The score was written by the late Riz Ortolani, who was sort of stuck playing catch-up after Ennio Morricone set the unofficial tone for gialli with Bird with the Crystal Plumage, despite Ortolani composing for Umberto Lenzi’s So Sweet... So Perverse (Italian: Così dolce... così perversa, 1969) a year before Argento’s film hit theaters. His string-heavy motifs are supported by folk songs (supposedly sung by characters just off screen), Wess & The Airedales’ funk/soul-infused “Crazy,” and a mournful pop song called “Quei giorni insieme a te” (“Those Days Together with You”), co-written by Ortolani and sung by Ornella Vanoni. The joyful, toe-tapping hooks and Vanoni’s woeful vocals are both used to eerily contrast the brutality of the chain-beating sequence.



Extras

  • Commentary with Troy Howarth – The author of So Deadly, So Perverse: 50 Years of Italian Giallo Films (Midnight Marquee Press. 2015) jumps right in and delves deeply into Don’t Torture a Duckling during this info-packed and personable Arrow exclusive commentary.

  • Giallo á la Campagna (27:44, HD) –  Mikel J. Koven, the author of La Dolce Morte: Vernacular Cinema and the Italian Giallo Film (Scarecrow, 2006), discusses the history of post-Bird with the Crystal Plumage gialli, the social habits of Italian cinema-going audiences in the ‘60s/’70s, the development of ‘vernacular cinema’ (his more precise term for cult genre films), and how these things relate to Don’t Torture a Duckling.

  • Hell is Already in Us (20:30, HD) – Critic and editor-in-chief of Diabolique Magazine Kat Ellinger addresses the prevalent misogyny seen in many of Fulci’s horror films and thrillers.
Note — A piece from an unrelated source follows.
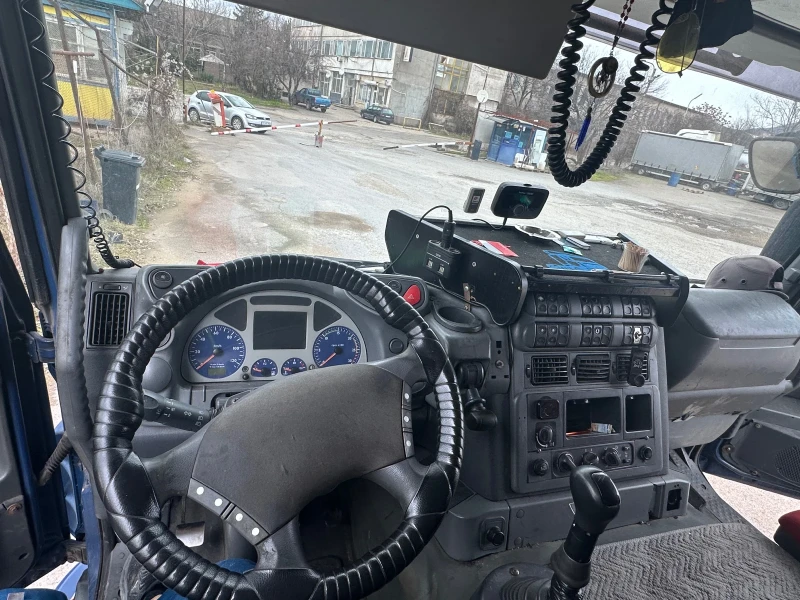 Iveco Stralis Lorh, снимка 6 - Камиони - 52989526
She believes that the director was making statements about the violent nature of men and bases some of her assumptions on his personal plights and experiences, as well as the movies themselves.
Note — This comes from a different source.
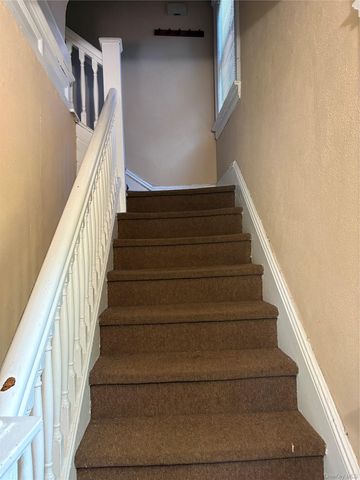 254 Hempstead Avenue, Rockville Centre, NY 11570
  • Lucio Fulci Remembers (Part 1: 20:13; Part 2: 13:13, HD) – A two part archival audio interview with the director from 1988, in which he answers questions written to him by journalist and co-writer of Spaghetti Nightmares: Italian Fantasy-Horrors As Seen Through The Eyes Of Their Protagonists (Fantasma Books,1996), Gaetano Mistretta. It covers a wide swath of his film career and offers him a chance to talk a little shit about Dario Argento.

  • Cast & crew interviews

    • Who Killed Donald Duck? (18:31, HD) – Actress Barbara Bouchet, who made eight films in 1972 alone, recalls the making of Don’t Torture a Duckling, her co-stars, and working with Fulci.

    • Those Days with Lucio (28:20, HD) – Actress Florinda Bolkan talks about her work on Lizard in a Woman’s Skin and Don’t Torture a Duckling.

    • The DP’s Eye (46:21, HD) – Cinematographer Sergio D’Offizi runs down his many collaborations with Fulci (as cinematographer and camera operator), which began with his spoof movies back in the ‘60s.

    • From the Cutting Table (25:38, HD) – Assistant editor Bruno Micheli looks back at his early career at Technicolor in Italy and his contributions to a number of Fulci’s movies (their relationship also extends back to the spoof days).  

    • Endless Torture (16:03, HD) – Assistant makeup artist Maurizio Trani finishes off the new interviews by discussing the challenges of competing with Hollywood on tiny Italian B-movie budgets and outlining some of Don’t Torture a Duckling’s special effects work.

  • Theatrical trailer




The images on this page are taken from the 2017 BD – NOT the remastered 4K UHD – and sized for the page. Larger versions can be viewed by clicking the images. Note that there will be some JPG compression.